### What is required:
Retype the data below exactly; skip every image.

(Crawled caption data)
···
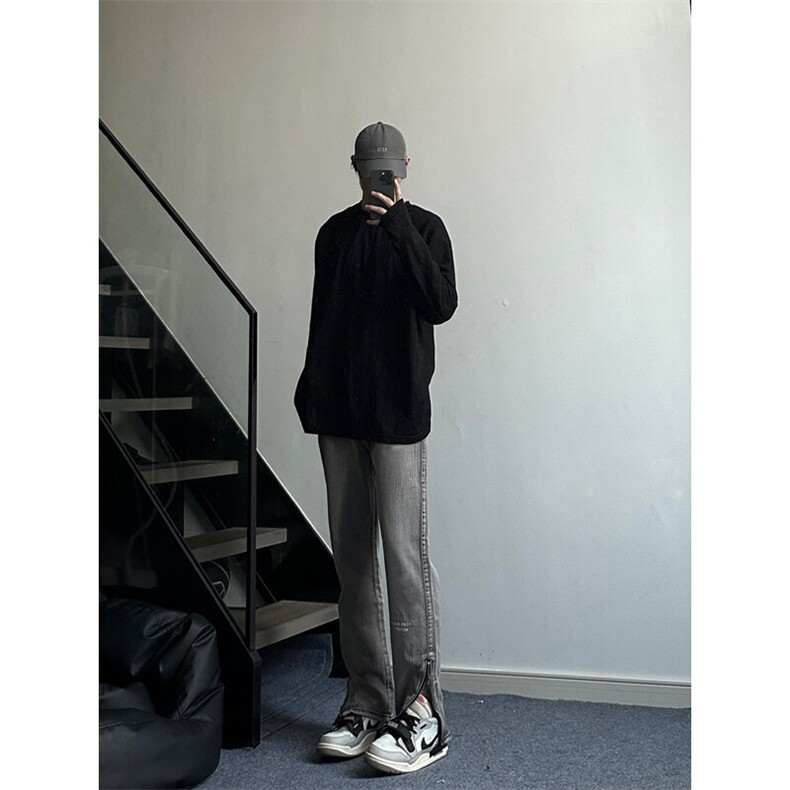 裤口拉链美式高街vibe牛仔裤设计感,男装牛仔裤,星座310A-4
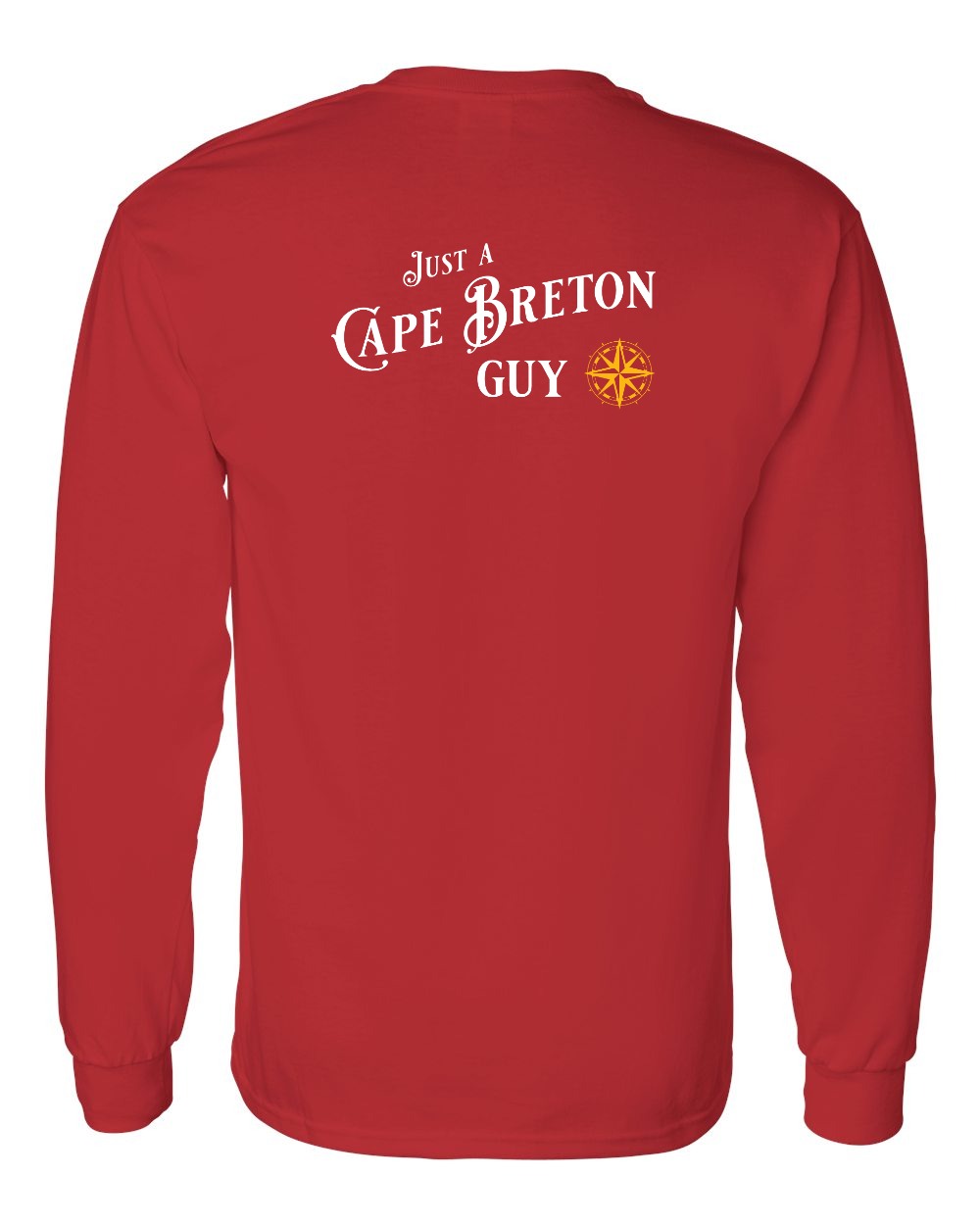 Just a Cape Breton Guy yellow Left Chest and Back Long Sleeve Tee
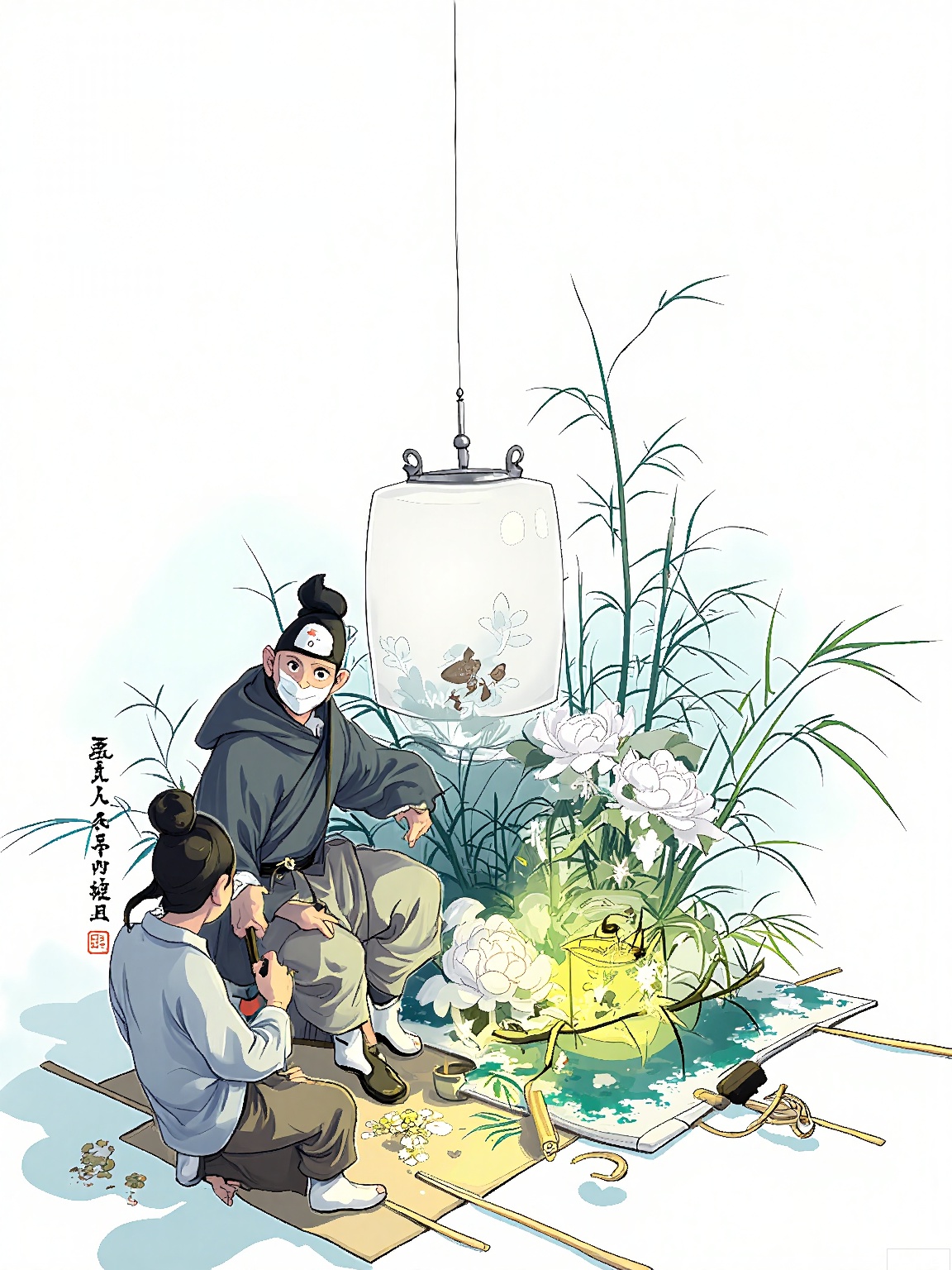 XHCH, Digital drawing of a rainy day ikebana arrangement, elderly sensei guiding student's hands among peonies, raindrops sliding down paper lanterns, wooden tools laid on tatami, backdrop of mist-shrouded bamboo forest, dewdrops glowing on spiderweb strands, tranquil emerald and slate palette.

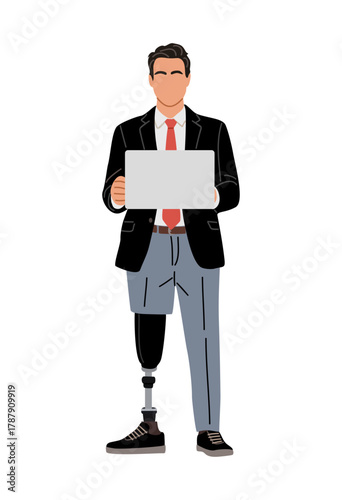 Professional person with a prosthetic leg holding a laptop. Full body portrait in clean modern style. Flat minimalist vector  illustration isolated on transparent background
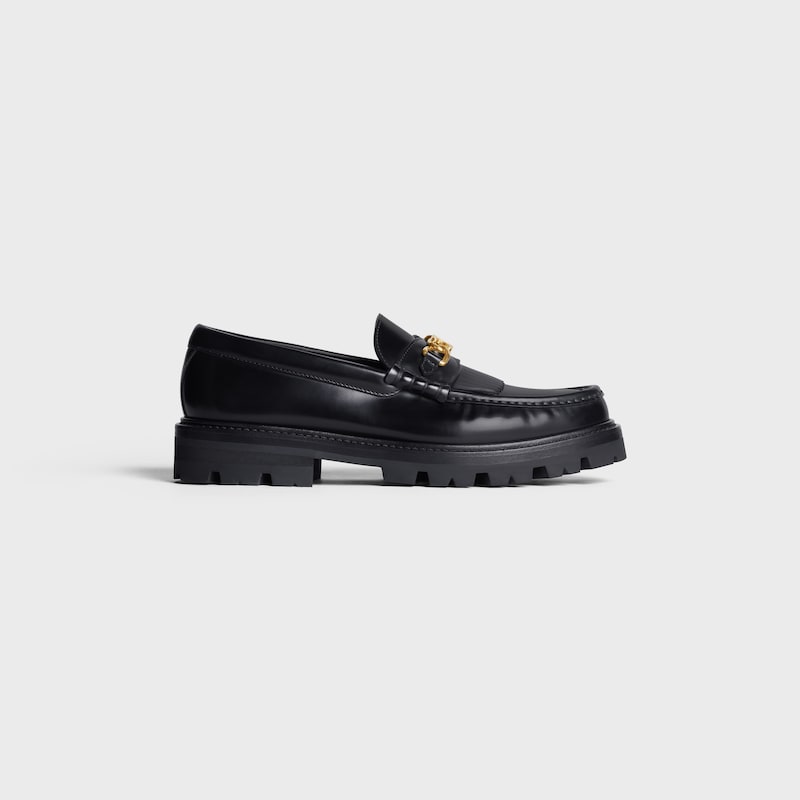 CELINE MARGARET LOAFER WITH TRIOMPHE CHAIN in POLISHED BULL - BLACK -  - 1 | CELINE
···
### Exercise response:
 裤口拉链美式高街vibe牛仔裤设计感,男装牛仔裤,星座310A-4
 Just a Cape Breton Guy yellow Left Chest and Back Long Sleeve Tee
 XHCH, Digital drawing of a rainy day ikebana arrangement, elderly sensei guiding student's hands among peonies, raindrops sliding down paper lanterns, wooden tools laid on tatami, backdrop of mist-shrouded bamboo forest, dewdrops glowing on spiderweb strands, tranquil emerald and slate palette.

 Professional person with a prosthetic leg holding a laptop. Full body portrait in clean modern style. Flat minimalist vector  illustration isolated on transparent background
 CELINE MARGARET LOAFER WITH TRIOMPHE CHAIN in POLISHED BULL - BLACK -  - 1 | CELINE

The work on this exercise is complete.